Qualche convenevole, poi uscì a testa alta ed impettito. Aveva ricevuto l’atto di ossequio dovutogli dai servi della gleba, e aveva compiuto uno sforzo immane per complimentarsi con loro. Nulla più era dovuto da parte sua.

«Torniamo a noi – disse balduzzi a Sergio – e all’americano… L’hai più rivisto?»

«Chi, Roby James? No, né visto né sentito.»

«Davvero? Non è che me lo tieni nascosto tu, per non darmi la soddisfazione d’incontrarlo o per avere dei soldi in cambio?»

Sergio a questo punto s’irritò davvero:

«Insomma, Marco, sono stanco di sopportarti. Ora ti arrangi da solo: fatti le foto tu, cerca tu l’americano, pagati quello che vuoi e lasciami in pace. Non telefonarmi più!»

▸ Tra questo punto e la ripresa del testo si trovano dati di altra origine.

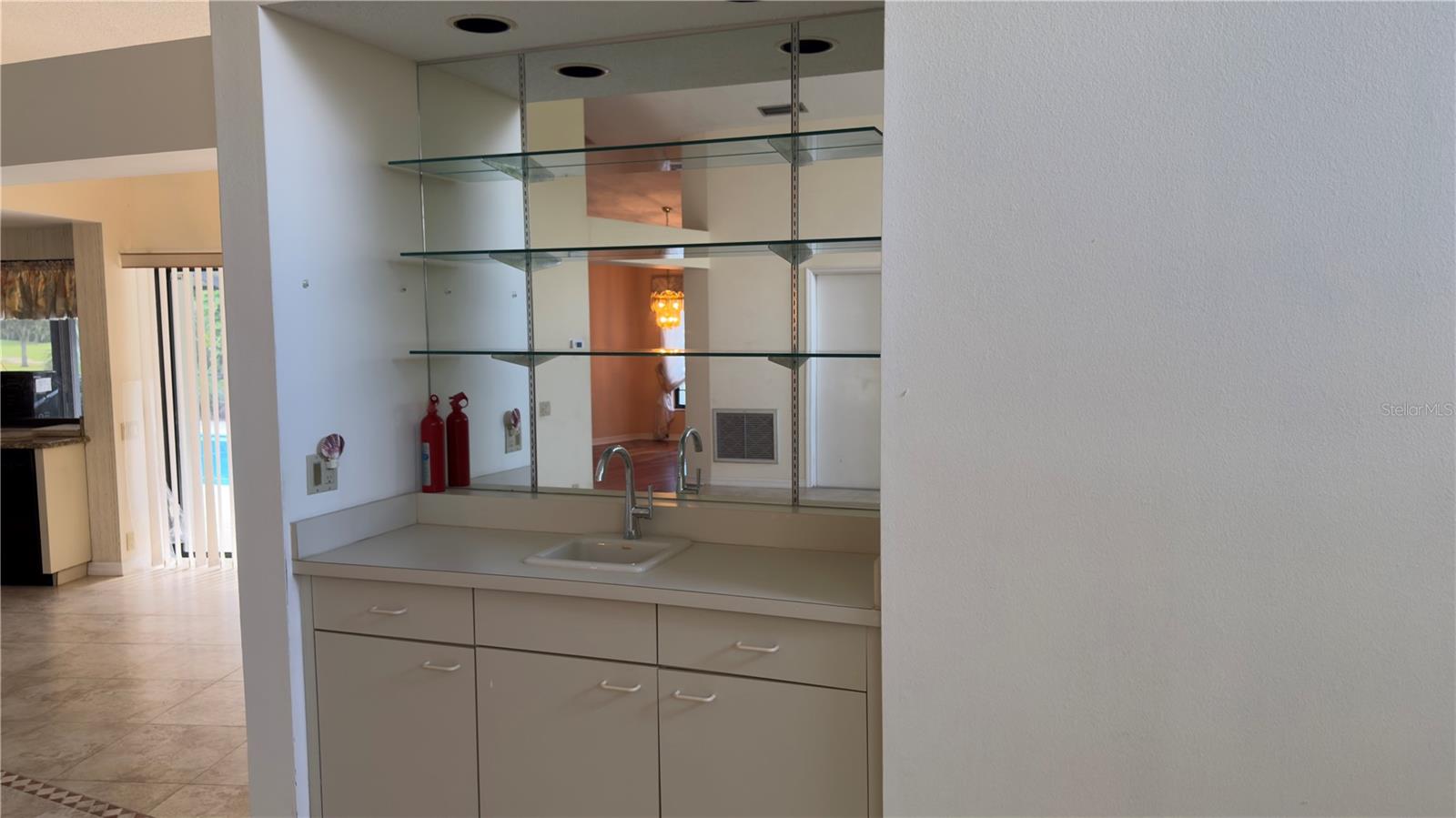 5040 PINELAKE RD — photo 18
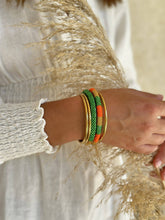 Load image into Gallery viewer, Nepali Bracelet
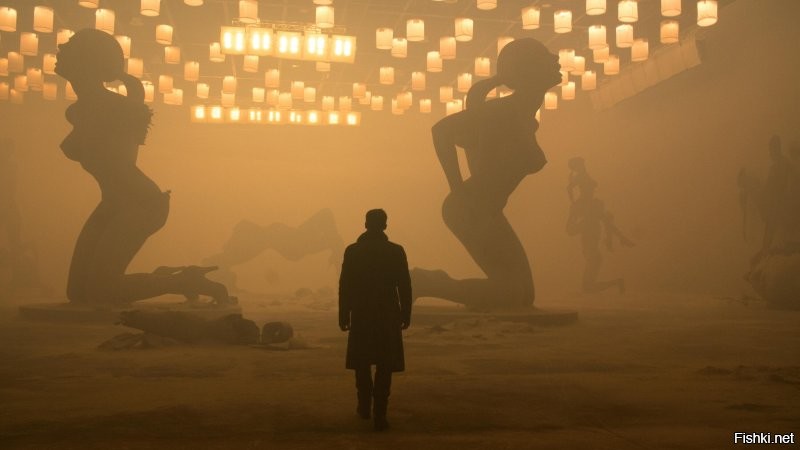 Солянка от 25.11.2021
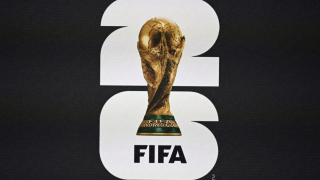 Παγκόσμιο Κύπελλο 2026: Ο δρόμος των 48 ομάδων και οι 12 όμιλοι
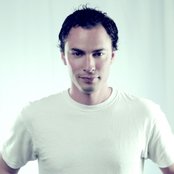 Dr. Kucho! & Gregor Salto - List pictures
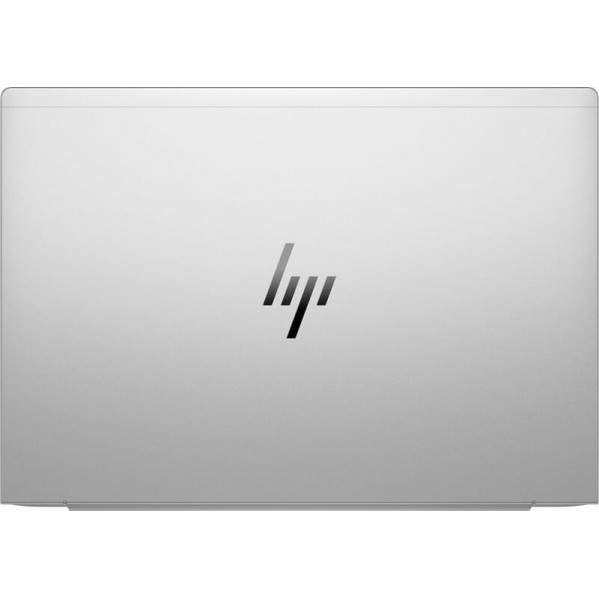 Ноутбук HP ProBook 4 G1ah 16 (AW8Q6AV_V3) Silver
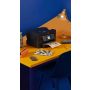 Epson WorkForce Pro WF-3820DWF (C11CJ07403) thumbnail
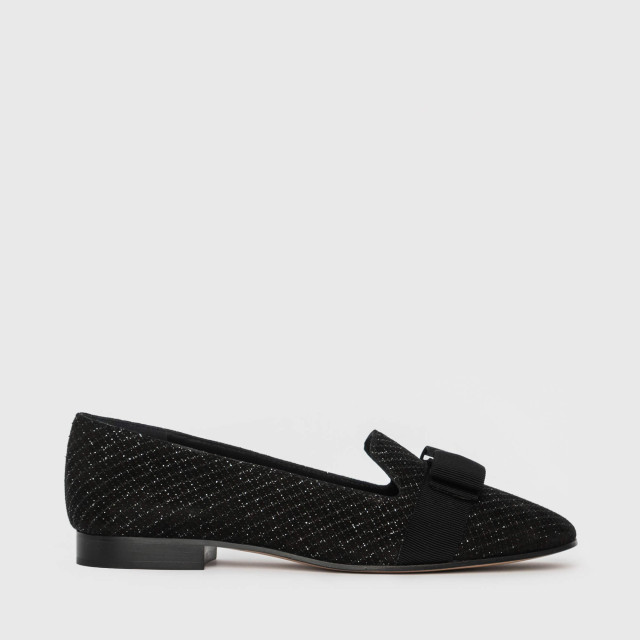 Лоферы Salvatore Ferragamo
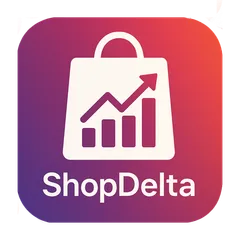 ShopDelta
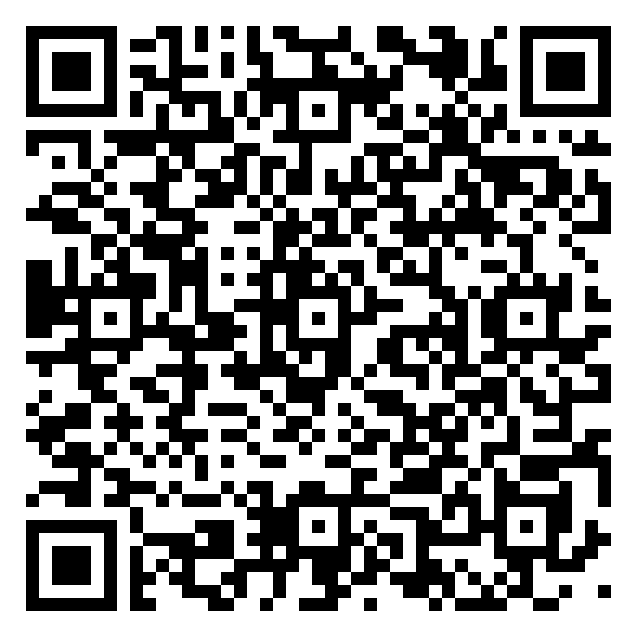 kod QR z danymi kontaktowymi 52050731100000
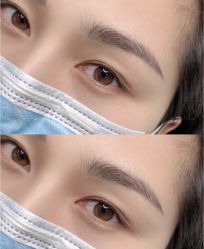 -禹彤绣苑·机器野生眉纹眉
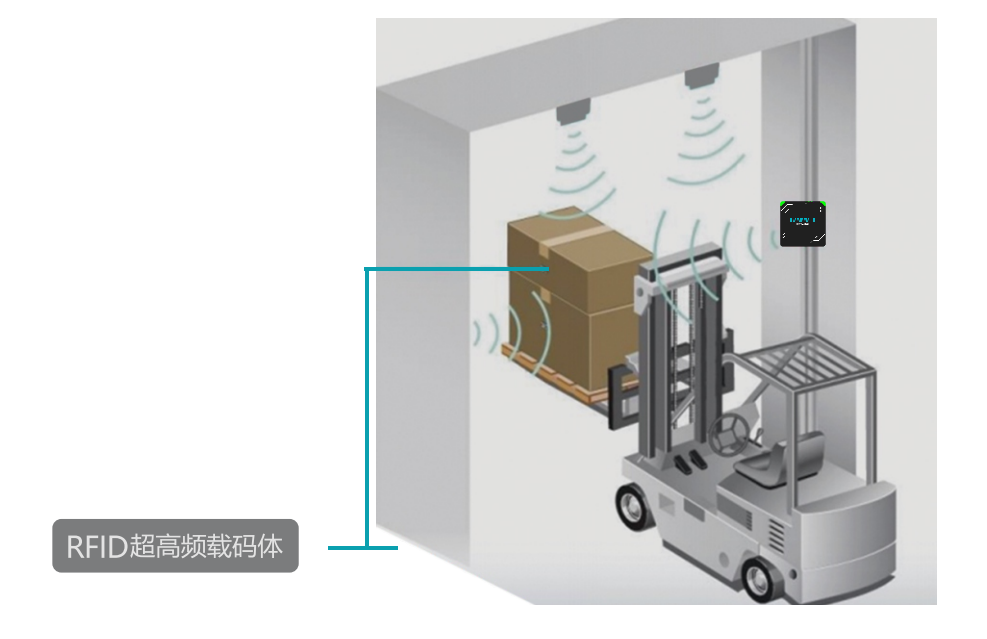 134131695.png image.png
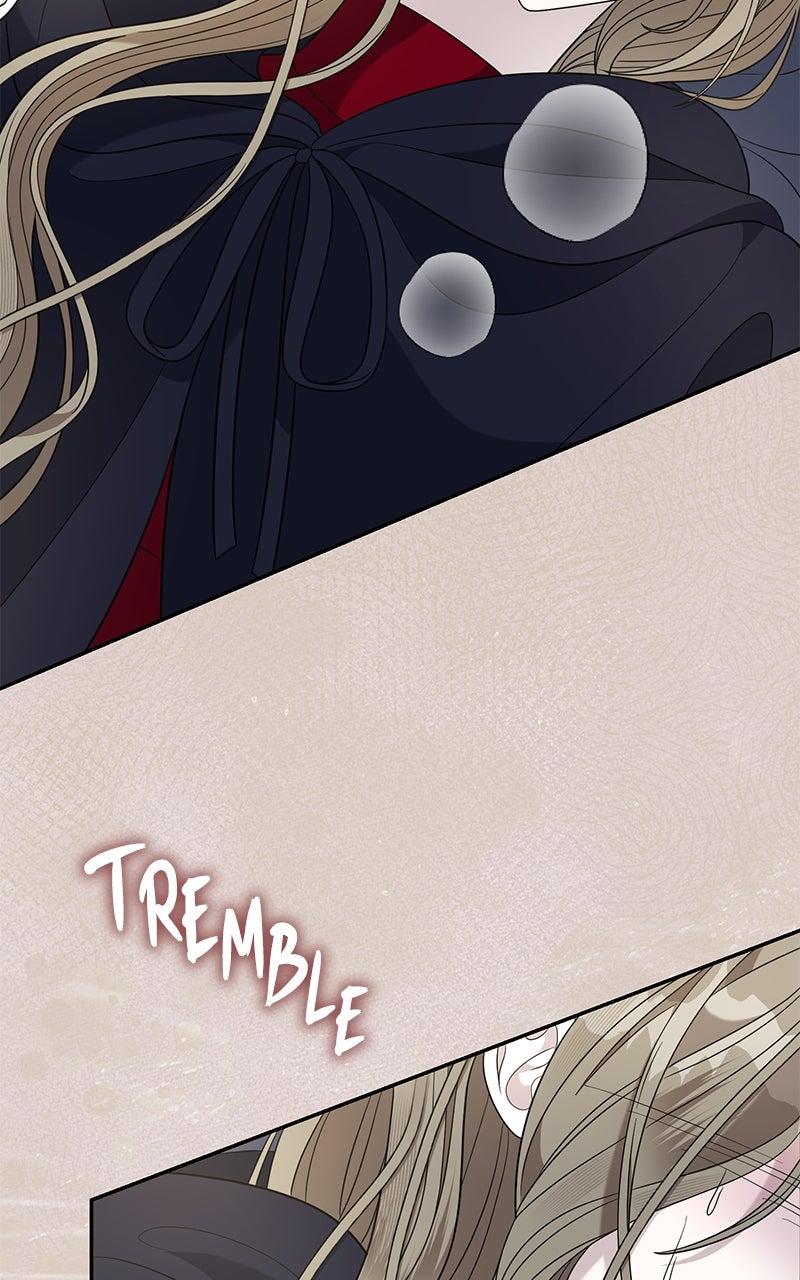 Indulgence Chapter 44 - Page 68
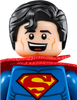 327-3276903_superman-lego-batman-movie-superman.png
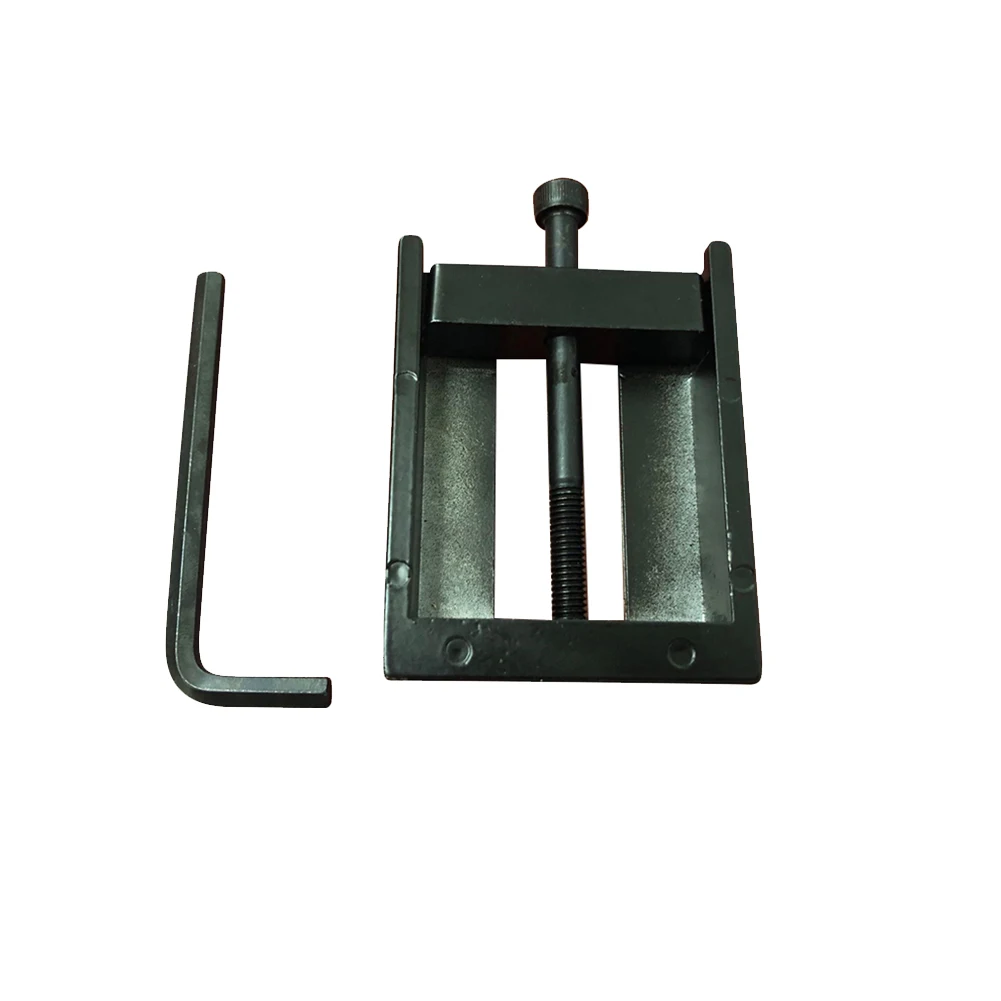 Инструмент для открывания крышки процессора Delid 2066, удаление интерфейса, радиатор, профессиональный коннектор, прочный металлический ограничитель для 7740X 7800X 7820X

«Eh, adesso non si può neppure scherzare... – rispose anche lui irritato, ma certamente con una vena di derisione, come se sapesse che da lì a poco all’amico gli sarebbe passata - Dov’è l’ironia che avevi a scuola e in palestra? Andiamo, se vuoi le mie scuse, mi scuso! Va bene così?»

Sergio uscì sbattendo la porta, mentre Balduzzi gli urlava dietro:

«Domani ti mando l’assegno con una gratifica in più. Piccola, ma gratificante…»

  
Facciata e cortile del Collegio Il lirico Ungarico

Sergio se ne andò irritato dalla “Casa Editrice Marco Balduzzi”, senza neppure salutare Margherita, che per altro, stava ancor curandosi le unghie e non lo guardò neppure. Salì sul sua sconquassato motorino e raggiunse la sua casa di via Centotrecento, un piccolo appartamento da cui vedeva la scialba immagine dell’antico Collegio Ungarico Illirico.

Appena giunto, si era premurato di verificare le tante asserzioni storiche e culturali che Roby James aveva espresse su Bologna, ed esse risultarono tutte confermate, anzi, i libri consultati gli erano sembrati meno documentati. Era per questo che il rivederlo, più che una speranza, era una forma di impazienza, desideroso com’era di fare ancora con lui quattro chiacchiere e di competere con lui sulla conoscenza di Bologna.